The key to the character of Screwtape is his ability to use rhetoric for malevolent purposes. On stage, we tried to capture Lewis’ indictment against manipulating people for selfish gain. Our culture is at a point where folks will believe just about anything. Consequently, the play challenges us to guard against being “played” or manipulated.
In going from a cerebral novel to action on stage, we had to make the letters work as oral text. Lewis delivers such densely packed ideas. Our show has twice the content of most scripts, and yet it is half as long. That could be a recipe for disaster. If it is too dense, the audience will simply tune out. And believe me, I know when that happens, so I’m doubly motivated to make sure the audience is engaged.
As an actor, I bring an athletic presence and have made a living with my voice for nearly 30 years. So I knew that I had the tools to make Screwtape work on stage. However, the text just ate me up. I had to stretch my capacity to access aspects of my voice and body to articulate these profound thoughts into an engaging and entertaining personality while still being true to Lewis’ intent.

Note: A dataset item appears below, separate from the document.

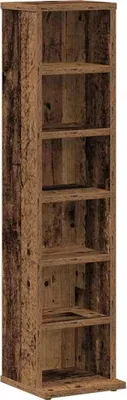 Immagine prodotto di Mobile Porta CD Legno Vecchio 21x20x88 cm in Legno Multistrato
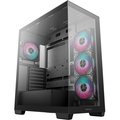 Obrázok pre výrobcu DEEPCOOL skříň CG580 4F / ATX / 4x120mm ARGB fans / 2xUSB 3.0 / panoramatická / tvrzené sklo / černá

Since opening at the Westside Theatre in May, The Screwtape Letters been welcomed as a unique presence in the New York theater landscape. About 12% of our sales are from religious groups; we would not still be running if we relied solely on a niche audience. I hear regularly from self professed atheists and agnostics who appreciate the play’s psychological insights as well as the clever stagecraft employed to tell the story. We have a fantastic design team who really committed to the project and are a large part of the play’s success. I also hear good things about the robust conversations the play generates. One of my favorite comments is, “It’s fascinating to spend an evening with the devil!”
What I really appreciate is the large number of what may be called “closeted” Christians who come to see the show. Screwtape and Lewis have a wonderful way with the half convinced. The play tends to resurrect emotional longings that have been buried for years. That is Lewis’ great gift. Christianity has been stigmatized by its association with authoritarian politics and embarrassing episodes by media personalities. Many believers don’t want to be associated with that, but long to see their faith portrayed winsomely and with integrity. Lewis shows us how. His clarity of thought, imagination and his vision of joy as an antidote to humanity’s bent toward banality and cynicism provide a compelling alternative.